Suasana kegiatan Orientasi Wartawan Angkatan ke-2 yang berlangsung di Sekretariat PWI Jaya, Gedung Prasada Sasana Karya, Jakarta, Senin (5/8).
Kabarhiburan.com, Jakarta – Persatuan Wartawan Indonesia (PWI) DKI Jakarta (Jaya) mengajak wartawan yang bekerja di perusahaan pers untuk bergabung di organisasi profesi wartawan. Hal ini penting agar wartawan mendapat kesempatan menerima bantuan atau pendampingan hukum disaat ada masalah.
Demikian antara lain, disampaikan Firdaus Baderi, selaku Wakil Ketua Bidang Pendidikan PWI Jaya kepada 40 peserta Orientasi Wartawan Angkatan ke 2 tahun 2019, Senin (5/8).
Persatuan Wartawan Indonesia (PWI) merupakan salah satu konstituen Dewan Pers yang anggotanya telah mencapai 15 ribu orang dan tersebar di seluruh Indonesia.

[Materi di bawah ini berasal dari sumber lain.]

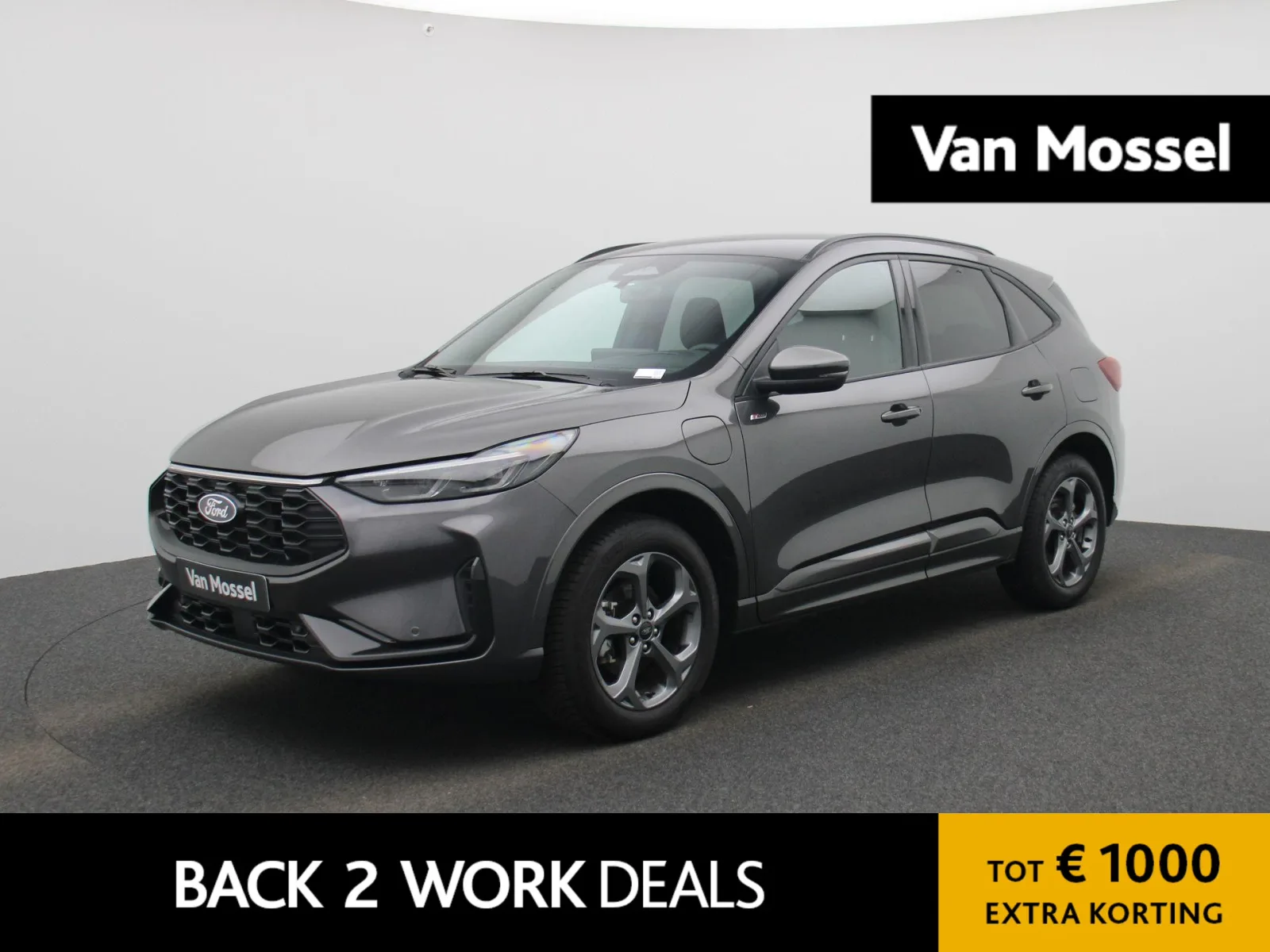 Ford Kuga (2025) — foto 1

Selain PWI, dua konstituen Dewan Pers lainnya adalah Aliansi Jurnalis Indonesia (AJI) dan Ikatan Jurnalis Telivisi Indonesia (IJTI).

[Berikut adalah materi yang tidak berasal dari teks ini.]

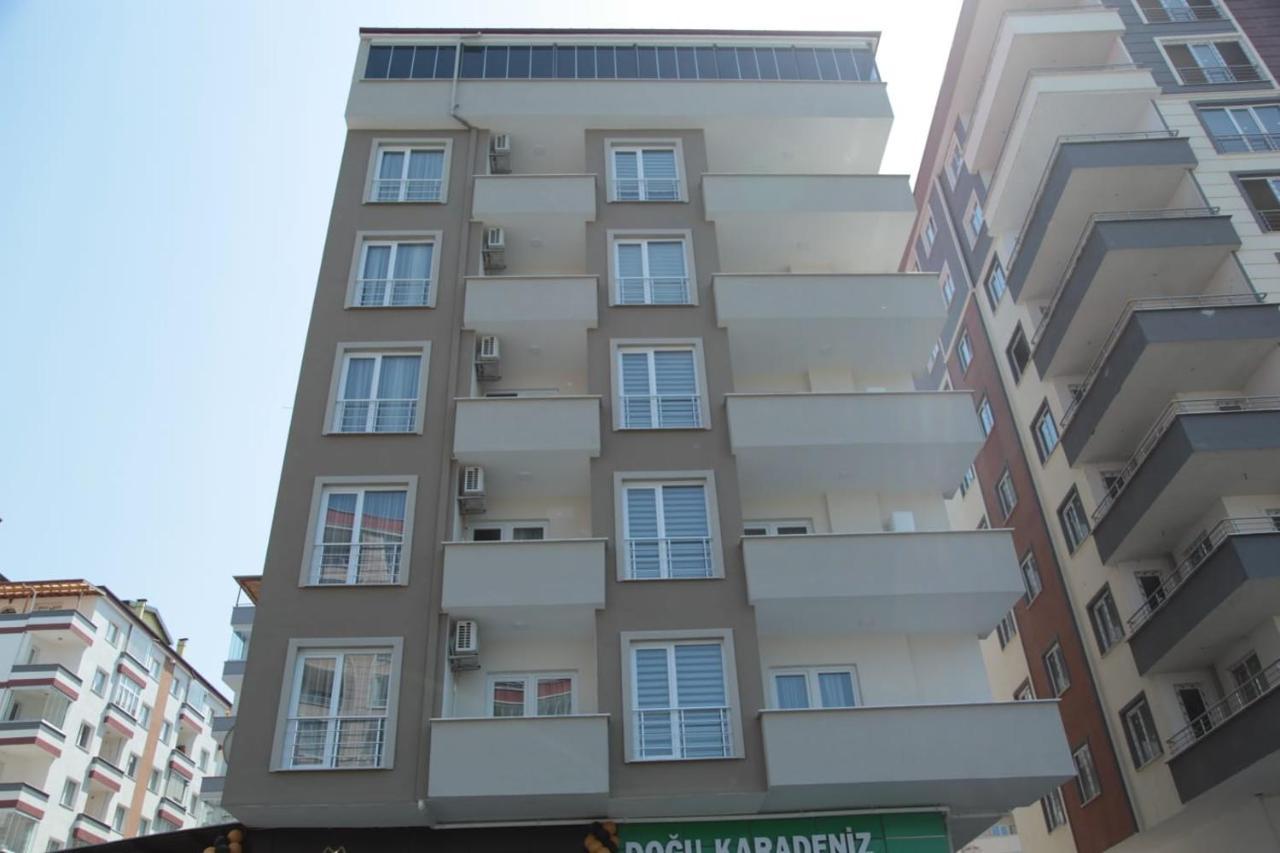 Kivanc Residence Trabzon Zewnętrze zdjęcie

“Silahkan tinggal pilih dari tiga organisasi tersebut. Tiga organisasi profesi wartawan ini, dibawah naungan Dewan Pers dan statusnya diakui oleh negara,” pinta Firdaus.

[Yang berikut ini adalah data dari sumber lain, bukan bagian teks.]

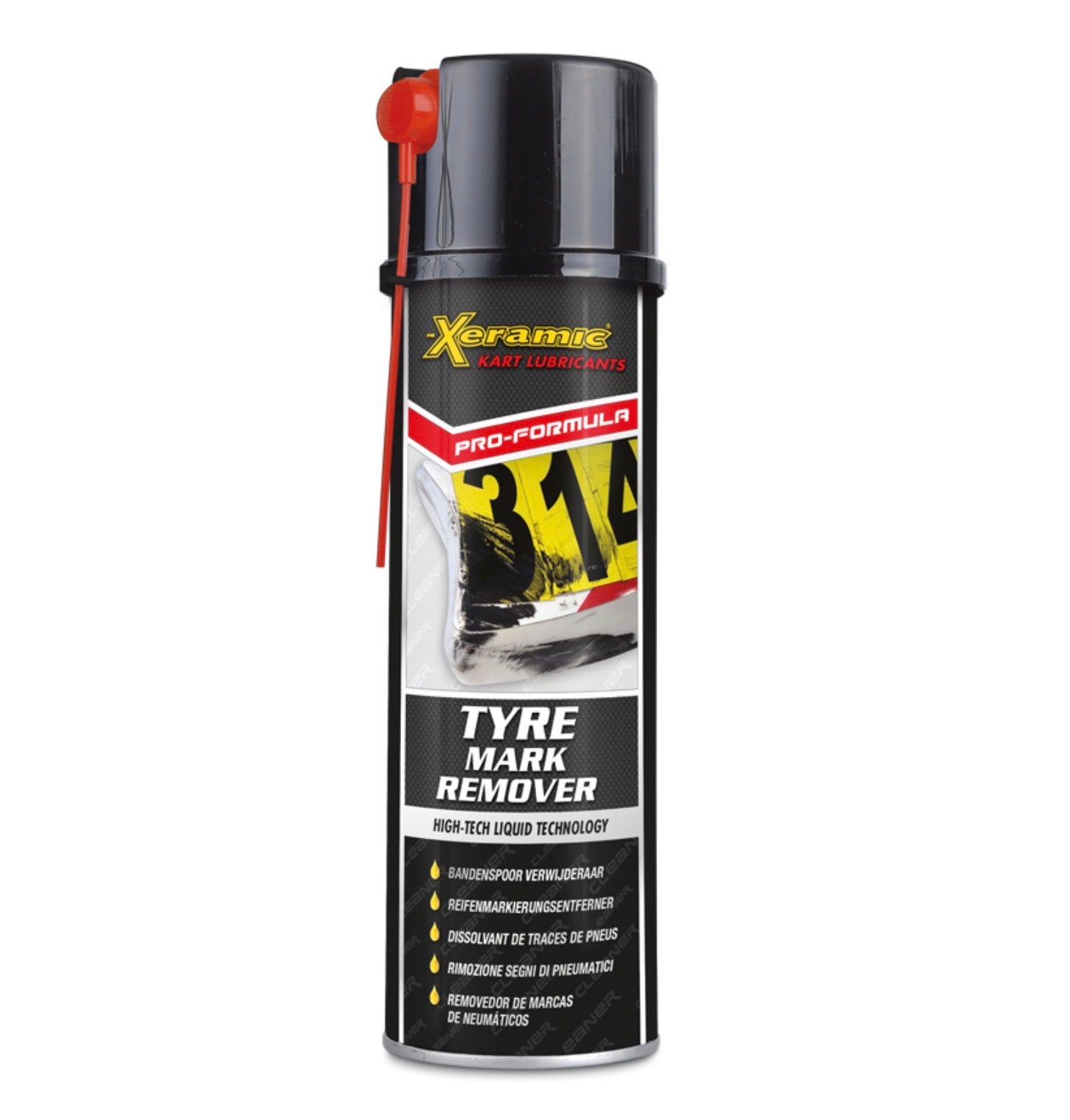 Xeramic/XPS - Tyre Mark Remover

Sebagai konstituen, keberadaan PWI diakui oleh negara serta memiliki Peraturan Dasar, Peraturan Rumah Tangga PWI dan Kode Etik Jurnalistik.
Firdaus yang juga Pemimpin Redaksi Harian Ekonomi Neraca ini menegaskan bahwa wartawan yang menjadi anggota PWI wajib mengikuti orientasi dan Uji Kompetensi Wartawan (UKW) yang merupakan amanat Dewan Pers.
UKW pada dasarnya menjadikan wartawan profesional, kompeten, independen, taat kode etik jurnalistik. Wartawan juga dituntut menjaga martabat dan integritas. Dalam menjalankan tugasnya harus patuh pada prinsip ABC (Akurat, Balanced, Clear).
“Sebagai wartawan, nomor satu harus jaga etika profesi, martabat dam integritas, namun juga harus kerja keras,” katanya.
Kegiatan Orientasi Wartawan Angkatan ke-2 ini dibuka secara resmi oleh Ketua PWI DKI Jakarta, Sayid Iskandar, berlangsung di Sekretariat PWI Jaya, Gedung Prasada Sasana Karya, Lantai 9, Jakarta Pusat.
Ketua PWI DKI Jakarta periode 2019-2024 ini ini menyambut gembira antusiasme peserta. Dia berharap peserta orientasi ini dapat menjadi bagian dari anggota PWI Jaya.
“Saya cukup gembira, angkatan ke-2 ini pesertanya cukup banyak. Angkatan ke-1 keberhasilannya hampir 90%. Mudah-mudahan di angkatan ke-2 bisa mencapai 100%.,”kata Sayid yang menambahkan bahwa seleksi calon anggota, PWI mengacu pada standar Dewan Pers, yakni status perusahaan pers, kompetensi dan profesional dalam hal menulis.
Selain menghadirkan Firdaus Baderi sebagai pemateri, tampak pula Ketua Komisi Kompetensi PWI Pusat, Mantan Ketua PWI Jaya, Kamsul Hasan dan Direktur SJI PWI Jaya Rommy Syahril.
Kamsul Hasan membahas soal Hukum Pers, Pedoman Pemberitaan Media Siber, serta Pedoman Pemberitaan Ramah Anak.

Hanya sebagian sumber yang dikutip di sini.